:: Data extract ::

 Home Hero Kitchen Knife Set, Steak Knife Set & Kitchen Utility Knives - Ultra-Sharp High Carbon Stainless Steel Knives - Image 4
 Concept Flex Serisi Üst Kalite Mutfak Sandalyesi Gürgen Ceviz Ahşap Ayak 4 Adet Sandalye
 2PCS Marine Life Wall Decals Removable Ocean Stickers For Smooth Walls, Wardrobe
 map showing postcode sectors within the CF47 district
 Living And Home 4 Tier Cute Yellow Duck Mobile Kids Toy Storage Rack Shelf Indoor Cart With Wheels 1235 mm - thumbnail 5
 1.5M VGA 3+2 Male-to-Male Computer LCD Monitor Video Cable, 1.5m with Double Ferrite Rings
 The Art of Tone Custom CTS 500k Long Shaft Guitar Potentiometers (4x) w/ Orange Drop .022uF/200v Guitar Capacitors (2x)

:::
:: Data extract ::

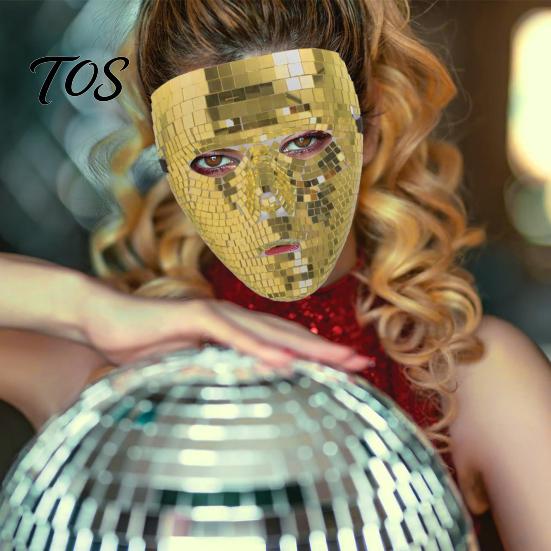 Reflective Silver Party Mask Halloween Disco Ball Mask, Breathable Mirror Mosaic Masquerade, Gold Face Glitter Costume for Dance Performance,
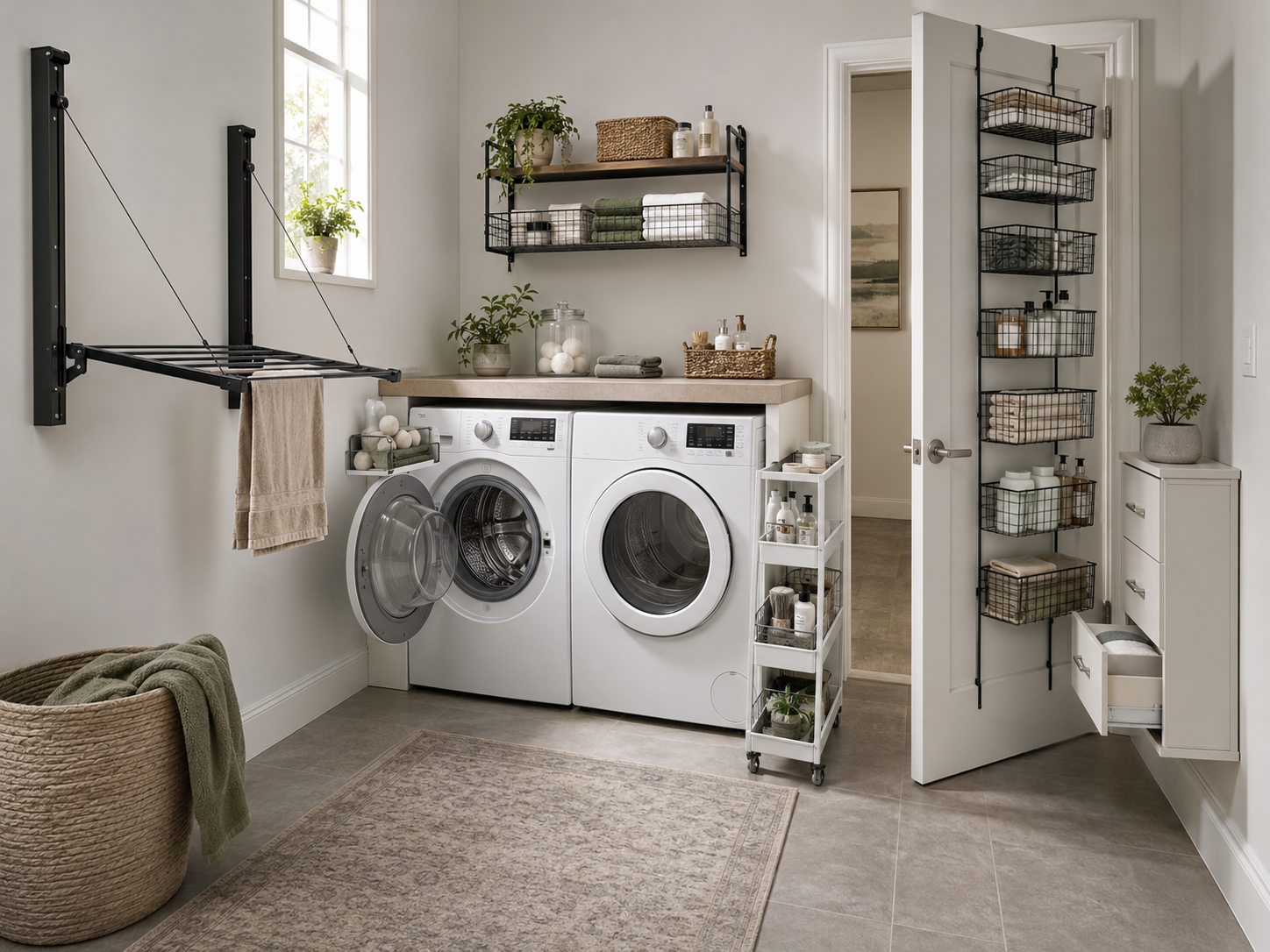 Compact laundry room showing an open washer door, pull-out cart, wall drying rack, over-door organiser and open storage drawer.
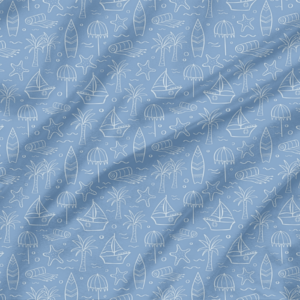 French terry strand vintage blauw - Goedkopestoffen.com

:::

Work order — Write out, from the lines above, only those from the line with "Living And Home" to the line with "The Art of Tone", exactly as given, including the first and the last.

Solution to this problem —
 Living And Home 4 Tier Cute Yellow Duck Mobile Kids Toy Storage Rack Shelf Indoor Cart With Wheels 1235 mm - thumbnail 5
 1.5M VGA 3+2 Male-to-Male Computer LCD Monitor Video Cable, 1.5m with Double Ferrite Rings
 The Art of Tone Custom CTS 500k Long Shaft Guitar Potentiometers (4x) w/ Orange Drop .022uF/200v Guitar Capacitors (2x)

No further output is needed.